Material provided:
● ● ● ●
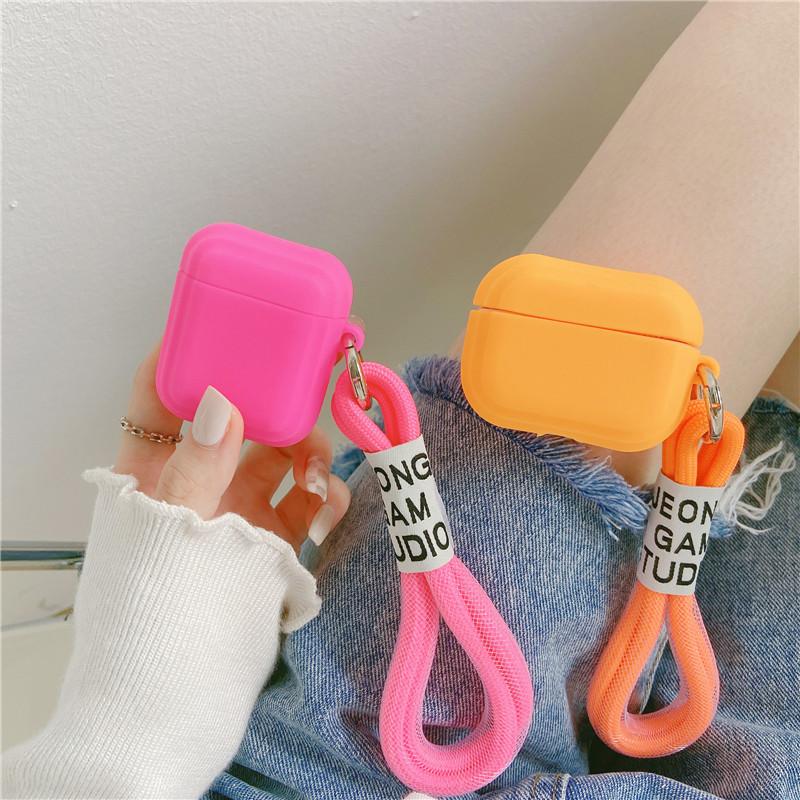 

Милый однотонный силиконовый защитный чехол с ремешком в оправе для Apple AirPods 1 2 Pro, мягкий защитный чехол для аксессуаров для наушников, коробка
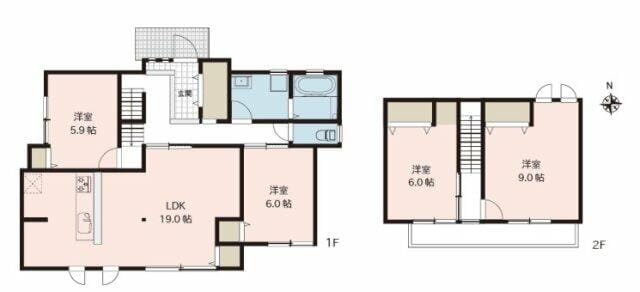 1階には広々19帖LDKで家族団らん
● ● ● ●
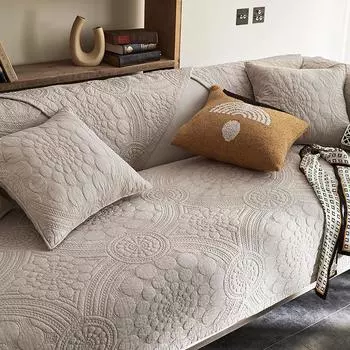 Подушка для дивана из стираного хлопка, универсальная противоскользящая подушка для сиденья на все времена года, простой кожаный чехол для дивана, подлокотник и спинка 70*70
● ● ● ●
For this exercise, reproduce exactly the lines of the records above from the one with "Милый однотонный силиконовый" up to and including the one with "1階には広々19帖LDKで家族団らん", without pictures.

Your response:
Милый однотонный силиконовый защитный чехол с ремешком в оправе для Apple AirPods 1 2 Pro, мягкий защитный чехол для аксессуаров для наушников, коробка
 1階には広々19帖LDKで家族団らん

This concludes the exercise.